# Problem to work on:
Look through the records below for the line with "Four blue vector arrow Stock Illustration". Return that line and each one after it up to and including the line with "Shopapotheke Flinoa RELAX", exactly.

Data records:
__________________________________________________

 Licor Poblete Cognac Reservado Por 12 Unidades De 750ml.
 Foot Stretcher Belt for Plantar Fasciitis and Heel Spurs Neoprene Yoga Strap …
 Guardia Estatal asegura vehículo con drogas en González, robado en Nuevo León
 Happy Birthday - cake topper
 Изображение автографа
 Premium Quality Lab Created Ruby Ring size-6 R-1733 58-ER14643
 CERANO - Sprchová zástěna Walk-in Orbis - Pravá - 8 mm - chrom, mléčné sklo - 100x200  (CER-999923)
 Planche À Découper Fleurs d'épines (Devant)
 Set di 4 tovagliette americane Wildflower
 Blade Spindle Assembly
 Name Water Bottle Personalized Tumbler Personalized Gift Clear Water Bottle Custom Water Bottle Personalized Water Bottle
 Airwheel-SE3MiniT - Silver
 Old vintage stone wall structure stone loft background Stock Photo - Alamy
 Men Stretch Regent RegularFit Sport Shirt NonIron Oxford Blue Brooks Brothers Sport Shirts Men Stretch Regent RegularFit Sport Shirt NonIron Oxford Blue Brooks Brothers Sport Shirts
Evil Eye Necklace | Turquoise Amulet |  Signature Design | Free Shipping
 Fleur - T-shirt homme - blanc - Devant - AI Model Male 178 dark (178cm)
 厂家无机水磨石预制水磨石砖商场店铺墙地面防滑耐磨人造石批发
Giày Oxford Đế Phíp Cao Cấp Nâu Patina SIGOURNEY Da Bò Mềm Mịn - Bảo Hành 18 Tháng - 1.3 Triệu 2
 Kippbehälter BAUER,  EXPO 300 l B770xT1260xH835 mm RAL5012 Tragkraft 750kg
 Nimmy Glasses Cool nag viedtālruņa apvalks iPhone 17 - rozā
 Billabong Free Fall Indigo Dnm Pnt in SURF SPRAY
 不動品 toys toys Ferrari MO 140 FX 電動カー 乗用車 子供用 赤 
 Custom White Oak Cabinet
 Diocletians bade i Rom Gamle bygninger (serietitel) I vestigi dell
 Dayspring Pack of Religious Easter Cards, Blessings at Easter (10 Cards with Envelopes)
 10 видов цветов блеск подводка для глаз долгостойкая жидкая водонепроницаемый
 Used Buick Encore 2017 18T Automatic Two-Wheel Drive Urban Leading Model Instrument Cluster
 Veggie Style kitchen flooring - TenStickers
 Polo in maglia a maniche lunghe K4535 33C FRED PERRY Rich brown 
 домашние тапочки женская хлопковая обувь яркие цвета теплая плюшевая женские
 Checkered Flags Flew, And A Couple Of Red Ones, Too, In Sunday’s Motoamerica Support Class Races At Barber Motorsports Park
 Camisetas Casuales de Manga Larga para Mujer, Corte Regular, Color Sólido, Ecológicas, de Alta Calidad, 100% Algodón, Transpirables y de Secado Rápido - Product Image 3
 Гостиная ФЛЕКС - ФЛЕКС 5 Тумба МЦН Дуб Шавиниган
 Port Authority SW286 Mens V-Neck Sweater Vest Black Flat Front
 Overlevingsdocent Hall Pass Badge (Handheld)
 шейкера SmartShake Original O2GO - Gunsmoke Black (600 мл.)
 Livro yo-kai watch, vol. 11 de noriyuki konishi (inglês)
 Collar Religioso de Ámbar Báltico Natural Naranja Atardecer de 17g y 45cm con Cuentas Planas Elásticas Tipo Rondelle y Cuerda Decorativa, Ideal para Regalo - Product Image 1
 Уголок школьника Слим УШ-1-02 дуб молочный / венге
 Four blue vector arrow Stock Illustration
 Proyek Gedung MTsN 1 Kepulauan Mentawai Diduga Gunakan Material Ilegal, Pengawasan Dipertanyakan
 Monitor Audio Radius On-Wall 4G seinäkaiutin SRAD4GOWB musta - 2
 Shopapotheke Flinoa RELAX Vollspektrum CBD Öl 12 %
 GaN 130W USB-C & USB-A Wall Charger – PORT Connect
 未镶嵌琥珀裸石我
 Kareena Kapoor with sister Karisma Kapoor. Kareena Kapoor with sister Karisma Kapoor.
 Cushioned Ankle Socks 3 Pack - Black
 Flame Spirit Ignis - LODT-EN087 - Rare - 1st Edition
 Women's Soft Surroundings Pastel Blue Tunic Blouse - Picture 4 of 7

__________________________________________________

# Result for this exercise:
 Four blue vector arrow Stock Illustration
 Proyek Gedung MTsN 1 Kepulauan Mentawai Diduga Gunakan Material Ilegal, Pengawasan Dipertanyakan
 Monitor Audio Radius On-Wall 4G seinäkaiutin SRAD4GOWB musta - 2
 Shopapotheke Flinoa RELAX Vollspektrum CBD Öl 12 %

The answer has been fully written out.